Darby Jervis saw both her parents dive into a world of heroin addiction.
She lost her mom to a heroin overdose when she was 8 years old. That same year, she came home from a vacation with family friends to learn her father was in prison.
The family she had travelled with became her new family.
Starting her preteen years in such turmoil, Darby adopted a motto at age 12 that most adults can't swallow: "No regrets."
The Sun Valley High School senior used that to torpedo her through trials that followed: becoming a mom at 15, being homeless, juggling work, school and parenting on her own.
Today, the 18-year-old carries a smile on her face, not a chip on her shoulder, and looks forward to graduating from high school.
Darby first came to Sun Valley in 2007 after finishing at Mesa's Poston Junior High School.

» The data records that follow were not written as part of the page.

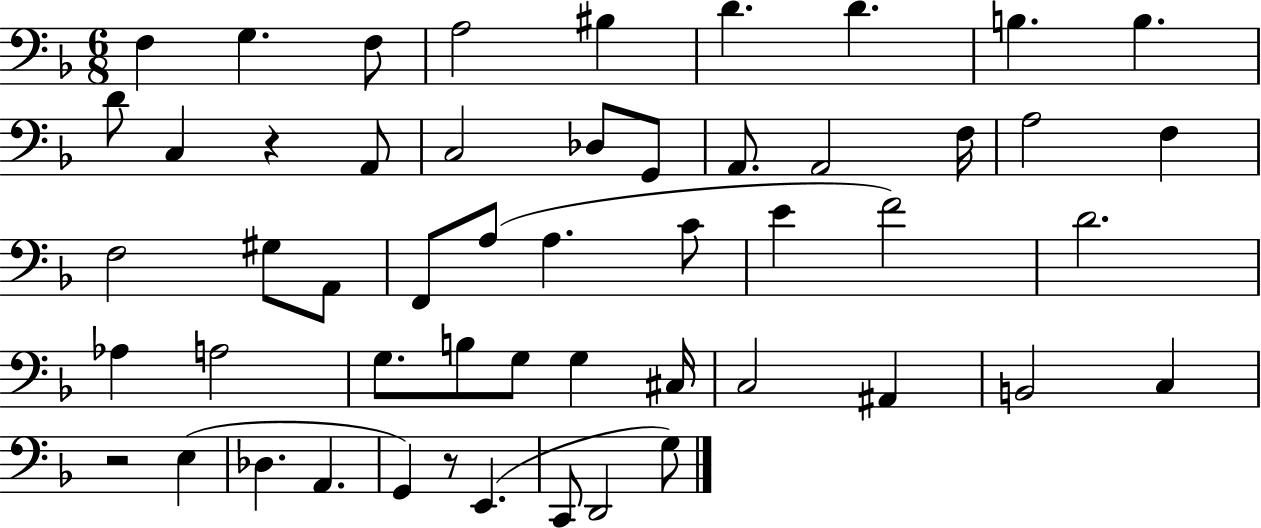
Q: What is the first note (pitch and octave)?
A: F3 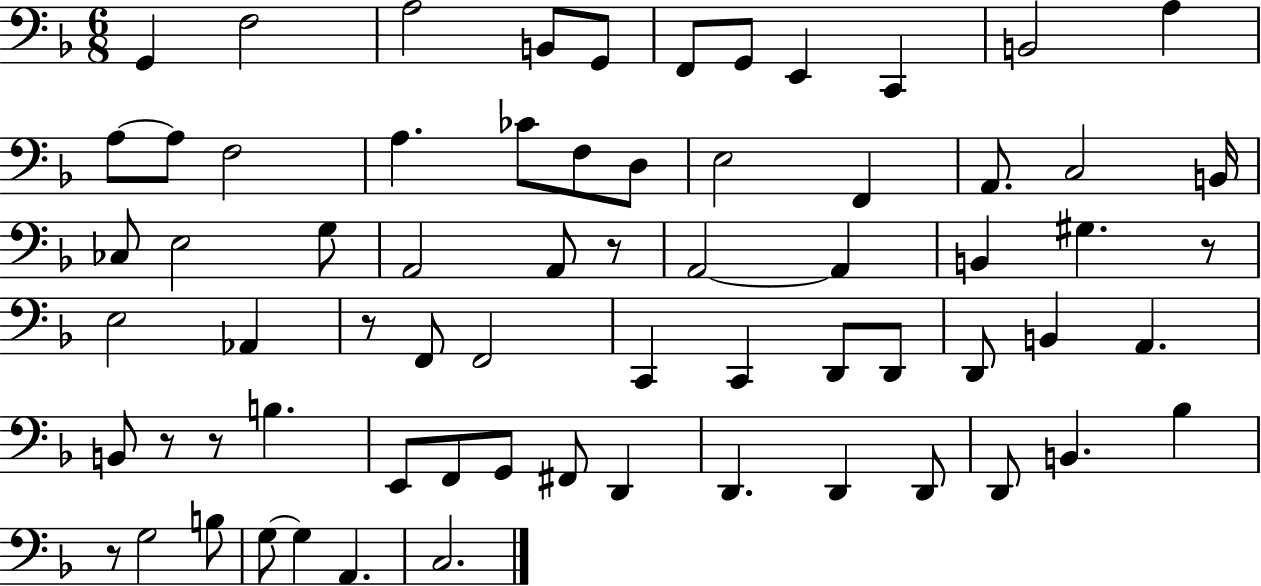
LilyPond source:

{
  \clef bass
  \numericTimeSignature
  \time 6/8
  \key f \major
  g,4 f2 | a2 b,8 g,8 | f,8 g,8 e,4 c,4 | b,2 a4 | \break a8~~ a8 f2 | a4. ces'8 f8 d8 | e2 f,4 | a,8. c2 b,16 | \break ces8 e2 g8 | a,2 a,8 r8 | a,2~~ a,4 | b,4 gis4. r8 | \break e2 aes,4 | r8 f,8 f,2 | c,4 c,4 d,8 d,8 | d,8 b,4 a,4. | \break b,8 r8 r8 b4. | e,8 f,8 g,8 fis,8 d,4 | d,4. d,4 d,8 | d,8 b,4. bes4 | \break r8 g2 b8 | g8~~ g4 a,4. | c2. | \bar "|."
} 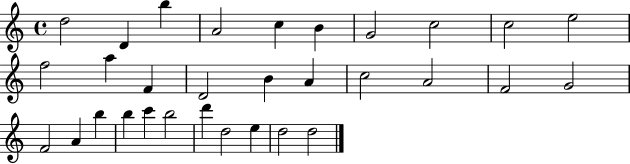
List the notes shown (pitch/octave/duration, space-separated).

D5/h D4/q B5/q A4/h C5/q B4/q G4/h C5/h C5/h E5/h F5/h A5/q F4/q D4/h B4/q A4/q C5/h A4/h F4/h G4/h F4/h A4/q B5/q B5/q C6/q B5/h D6/q D5/h E5/q D5/h D5/h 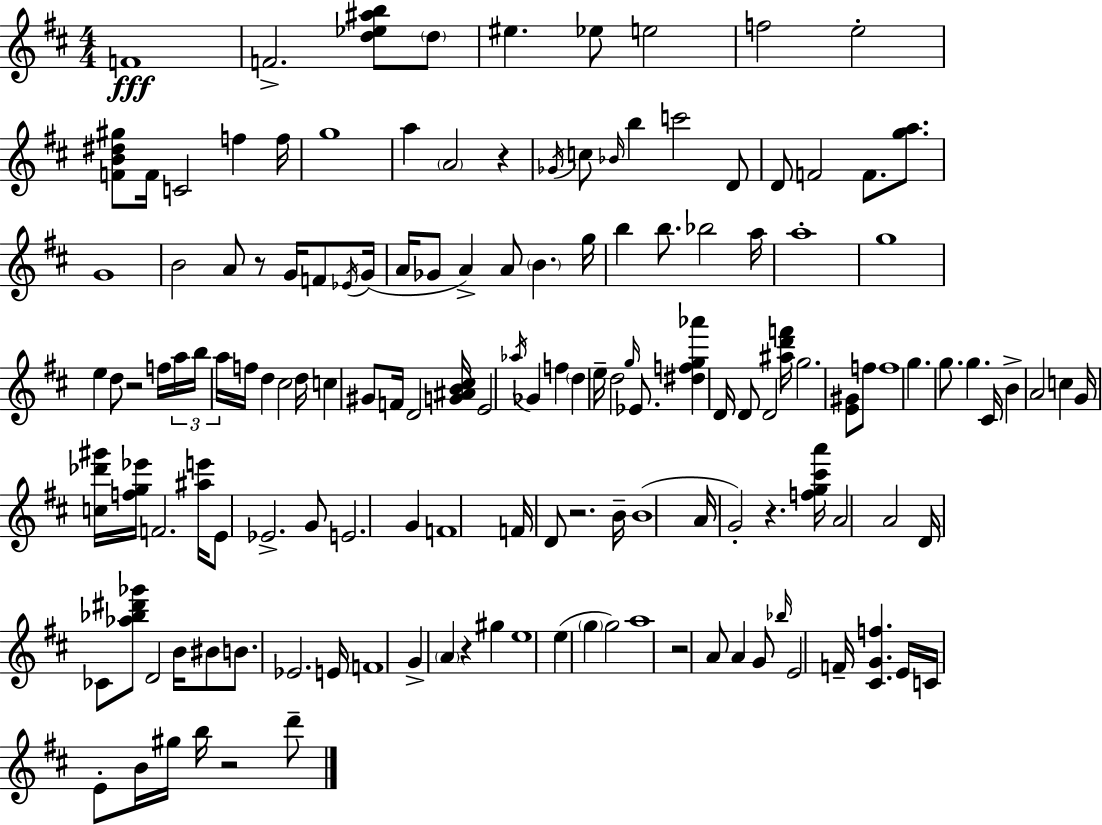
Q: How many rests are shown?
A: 8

Some of her five brothers also attended Sun Valley, a Mesa charter high school, so she was familiar with the program and the schedule suited her.
Just two years later, her son, Nathan, was born, and Darby took a year off. But she longed to return to the school.

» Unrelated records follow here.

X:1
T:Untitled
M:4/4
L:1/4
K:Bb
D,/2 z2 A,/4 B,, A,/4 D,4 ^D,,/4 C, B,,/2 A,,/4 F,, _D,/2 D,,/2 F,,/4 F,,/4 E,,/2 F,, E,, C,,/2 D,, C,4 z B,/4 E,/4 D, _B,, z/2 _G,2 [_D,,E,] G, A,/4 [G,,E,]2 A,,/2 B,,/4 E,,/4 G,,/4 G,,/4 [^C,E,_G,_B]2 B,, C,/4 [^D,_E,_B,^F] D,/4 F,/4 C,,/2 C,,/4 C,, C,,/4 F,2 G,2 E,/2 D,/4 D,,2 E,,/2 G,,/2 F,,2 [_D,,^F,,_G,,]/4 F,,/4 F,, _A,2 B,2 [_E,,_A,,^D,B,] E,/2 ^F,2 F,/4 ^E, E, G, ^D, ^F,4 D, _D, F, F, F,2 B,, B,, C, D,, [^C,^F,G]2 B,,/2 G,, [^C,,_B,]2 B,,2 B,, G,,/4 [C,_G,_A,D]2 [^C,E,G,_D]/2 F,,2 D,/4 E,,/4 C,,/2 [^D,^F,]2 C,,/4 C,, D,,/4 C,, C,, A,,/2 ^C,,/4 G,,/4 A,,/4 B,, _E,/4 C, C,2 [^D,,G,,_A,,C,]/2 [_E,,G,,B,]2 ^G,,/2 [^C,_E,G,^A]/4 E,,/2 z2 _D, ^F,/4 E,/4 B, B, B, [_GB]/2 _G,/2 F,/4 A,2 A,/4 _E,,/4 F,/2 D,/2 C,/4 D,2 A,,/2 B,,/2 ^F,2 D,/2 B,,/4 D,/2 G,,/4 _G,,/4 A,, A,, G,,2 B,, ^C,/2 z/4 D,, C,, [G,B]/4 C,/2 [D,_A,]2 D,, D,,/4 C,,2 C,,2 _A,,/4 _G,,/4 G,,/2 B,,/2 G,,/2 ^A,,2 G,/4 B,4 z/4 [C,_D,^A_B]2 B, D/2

"It's my safe place," she says.
Encouraged by teachers, she enrolled in Sun Valley's certified nurses' assistant program.
This spring, Darby, vice president of the school's National Honor Society, will graduate with accolades. In July, she'll take the exam that will allow her to start working in the field, with plans to start college within a year.
"It's going to be amazing to be able to put my energy into something that affects, not only my life, but others," she says.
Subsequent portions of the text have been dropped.